My ultimate goal is to encrypt/decrypt a string with a hex string using a linear congruence generator.

I have a list of 'keys' that I want to XOR with a string. For example, the list of keys are ['0x92', '0xe3', 0x18'...] and the string I want to XOR with the keys is 'apple'. The length of the keys list is the same length of the string.

I want to be able to produce a result such as "\xF3\x93\x68...".

I'm not sure how to begin this approach. Should I turn every character in the string to binary and also turn each hex string in binary and XOR them together?

The result that I am looking for (xF3..), is that unicode?

Answer 1

Given the length of the keys is equal to the length of the text can simply use a zip and use a join to generate a string:

keys = ['\x92', '\xe3', '\x18']
text = 'app'
result = ''.join(chr(ord(key)^ord(tex)) for key,tex in zip(keys,text))

The code works as follows: zip emits tuples of elements in keys and text: so the result of zip(keys,text) is roughly:

list(zip(keys,text)) == [('\x92', 'a'), ('ã', 'p'), ('\x18', 'p')]

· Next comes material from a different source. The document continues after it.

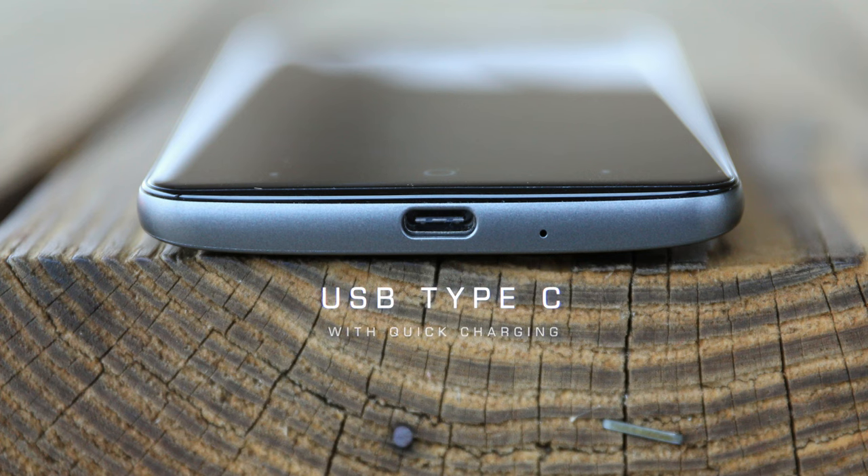If you do need to top it up, it does come with quick charging built in so you can charge fast through the USB Type-C port. This is a port that you usually see in higher-end phones, so it's nice to see here.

Now we unify key and tex with each of these tuples, so in the first iteration key is '\x92' and tex is 'a'. By calling ord(..) on these elements, we obtain the ASCII code. Next we perform a XOR (^) operation on these ASCII codes and convert this back to the corresponding char(..). We use ''.join(..) to concatenate all these characters together into the resulting string, which is:

result == 'ó\x93h'

Answer 2

Use ord and chr

>>> a = 0x22
>>> a
34
>>> b = ord('Z')
>>> b
90
>>> a^b
120
>>> chr(a^b)
'x'